A gust of winter air kicks up. Clarke shivers from head to toe, and Bellamy has to admit he’s cold, too. He bumps her shoulder. “Come on, let’s go inside before we freeze to death.”
She ducks her head, apparently trying to hide her smile. Then she hooks her arm in his as they walk back to the door. “You know,” she says, “I don’t think I’m out of your league.”
“Really? I swept floors, Clarke. And not even in important parts of the Ark. Like on some sub-level of a section of a station no one cared about.”
She laughs, shaking her head. “I think if we’d met on the Ark—by whatever circumstance,” she adds the last part quickly to keep him from commenting, “I think we’d have eventually become friends.”
“And what part of our first days on this planet makes you think that? The part where I was a total ass? Or the part where you were a bossy-”
She smacks his arm, but she’s still smiling. He can breathe a little easier now. “We figured it out eventually.”
“Yeah, because if we didn’t work together we’d be dead.”
She glares up at him. “Are you really that against the idea?”
“No, just being realistic.”
“That’s my job. You’re supposed to be impulsive and arrogant.
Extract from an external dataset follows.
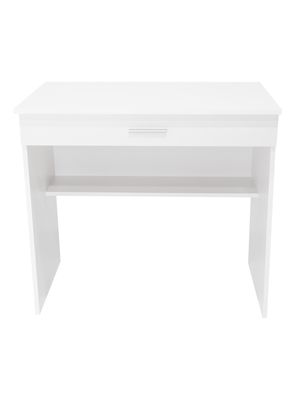 Escritorio 1 Cajón Blanco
What happened to that Bellamy?”
“He’s growing up.” He stops as they get to the door. “For the record, if we’d managed to get past the wanting-to-kill-each-other stage of the first few days, we’d definitely be friends.”
Clarke studies him for a few moments. “You don’t believe that.”
“I want to believe it because the idea of not having Clarke Griffin in my life is incomprehensible.” He pulls the door open then moves out of the way so she can enter first. “Of course, it’d be a lot less chaotic and confusing, too.”
He smirks as he slams the door behind them. “Whatever you say, princess.”